City officials on Wednesday will also dedicate the five roadways within the development in memory of Odessans who died in car wrecks. One of them will be Hunter Miller Way, named for Miller’s 16-year-old son who died in a crash in 2014.
“We just wanted to do a remembrance of everyone and make it a legacy,” Miller said.
Plans call for another memorial in a park inside the development.
Further plans include adding affordable housing for seniors, town homes and single family houses. The nonprofit is applying this year for a more competitive 9 percent tax credit for the senior development.
Rents have since dropped, but cost of living remains high and demand intense, Miller said.
“If the price of oil goes up, then rents go even higher,” Miller said. “And you still have the same people who still qualify. Maintenance workers, municipal workers, teachers’ aides — the people who are at the core of what needs to take place to run a city … Just because the price of oil changes doesn’t mean they are making any more money.
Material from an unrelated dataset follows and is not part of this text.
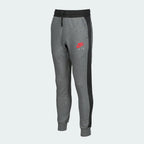 Nike Air NSW Fleece Men's Tracksuit in heather grey, front view showing the  tapered joggers, with Nike Air logos visible.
The regular people who have regular jobs still need an affordable place to live.”
In a recent interview, Mayor David Turner anticipated a greater need for the city to develop affordable housing in the coming year as the oilfield recovers from a two-year bust.
At the time the organization applied for funding, about 63 percent of the renter population earned less than $40,000 per year in a rental market where less than 10 percent of rental housing is affordably priced, according to the organization.
In December 2015, school officials opted not to follow through with its declared intent to sign a lease in the apartment portion of the project for 60 teachers because they were unsure when the project would be ready and if they could fill it.
Instead, the ECISD board bought the former Gulf Building at 909 W. Second St., adding 31 units to the 16 suites at the Barbara Chancellor House that is also owned by the district.
That forced the housing nonprofit to scale down the apartment complex from 238 units, which required new approval.
The housing development will be beside a retail strip on the growing corridor that includes Hops, Scotch and Vinery Liquor Store and a Domino’s.
The City of Odessa began a project to widen 87th Street about four months ago ahead of developments in the area, which also include the planned Mardis Gras Estates subdivision. Road crews are scheduled to complete the project the spring.
“As a two-lane roadway, 87th, with the current condition it was in, it wouldn’t support the traffic that would be in that area,” the city’s Traffic Operations Superintendent Hal Feldman said last month. “We are trying to be a little proactive in developing this roadway and hopefully have all the roadway there before the development comes, instead of being reactive.”
When the project was announced more than a year ago, some nearby residents said they worried about diminishing property values in addition to the traffic increases the roadwork is meant to address. But city officials and local real estate experts argued that surrounding properties would benefit from the development.
“It’s a good project that they are coming in with,” said District 2 Councilman Dewey Bryant, who was a board member of the nonprofit when it purchased the land for the development about a decade ago. “It’s not cheap, and it’s also in a good area. For the long-range for Odessa, I think it’s excellent … The affordable housing has just such a positive impact. It’s something that people take pride in.”